A single execution of a report_definition. Created automatically when the scheduler fires the trigger for an active definition.

struct report_instance final {
    boost::uuids::uuid id;
    utility::uuid::tenant_id tenant_id;
    boost::uuids::uuid party_id;

    /// The definition that produced this instance.
    boost::uuids::uuid definition_id;

    report_instance_status status;

    /// Scheduler trigger that caused this instance to be created.
    std::int64_t trigger_run_id;

    /// Execution log / error message.
    std::string output_message;

    std::chrono::system_clock::time_point created_at;
    std::chrono::system_clock::time_point started_at;
    std::optional<std::chrono::system_clock::time_point> completed_at;

    [[nodiscard]] std::optional<std::chrono::seconds> duration() const noexcept {
        if (!completed_at) return std::nullopt;
        return std::chrono::duration_cast<std::chrono::seconds>(*completed_at - started_at);
    }
};

Execution Flow

Report Definition Activation

  1. User sets definition status to active.
  2. Reporting service calls ores.scheduler to register a cron job whose payload identifies the report definition by UUID.
  3. Scheduler returns a cron_job_id; this is stored on the definition.
  4. Definition is persisted with status = active.

Scheduled Execution

  1. ores.scheduler fires a trigger at the scheduled time (a pg_cron event reaches the event bus via ores.eventing).
  2. The reporting service listener receives the event, identifies the report_definition from the payload, and creates a report_instance with status = pending.
  3. The instance transitions to running and execution begins:
    • Risk reports: The service constructs ORE input from risk_report_config and delegates computation to ores.ore.
    • Grid reports (future): The service submits work to ores.grid.
  4. On completion the instance transitions to completed or failed.

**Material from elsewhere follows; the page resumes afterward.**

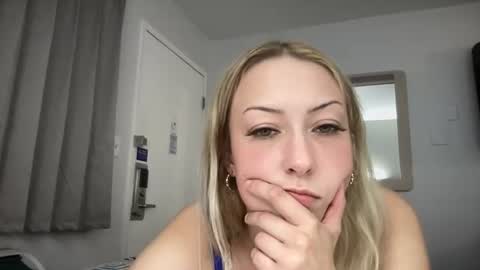 Snapshot of emmaraee chatting on June 14, 2026, 6:26 am emmaraee online show from June 14, 2026, 6:26 am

Output metadata and any error messages are stored on the instance.

Open Questions

  1. Report output storage: Where do the artefacts (NPV tables, PFE curves, etc.) produced by risk reports live? A dedicated report_output table? Object storage? This is deferred to a later design iteration.
  2. Execution environment for risk reports: Does ORE run in-process, as a subprocess, or via a future ores.grid node? In-process is simplest for the first iteration; subprocess isolation may be required later.
  3. Concurrency: Should multiple instances of the same definition be allowed to run simultaneously, or should a new trigger be skipped if an instance is already running?
  4. ores.grid contract: The interface between ores.reporting and the future ores.grid component needs to be defined before grid-type reports can be designed in detail.
  5. Multi-party visibility: Should report definitions be scoped to a party, or can they span multiple parties within a tenant?
  6. Cancellation: What is the mechanism for cancelling a running risk report (i.e., interrupting an in-progress ORE computation)?

Stories

Stories will be added here once the design is reviewed and approved. Expected phases:

  1. Foundation: SQL schema, domain types, JSON I/O, repository, basic CRUD via CLI and HTTP.
  2. Scheduler integration: Activate/suspend transitions wiring to ores.scheduler.
  3. Risk report execution: Integration with ores.ore to run computations and populate report_instance records.
  4. UI: Qt and/or Wt surfaces for managing definitions and viewing instances.
  5. Grid execution (future): Integrate with ores.grid once that component exists.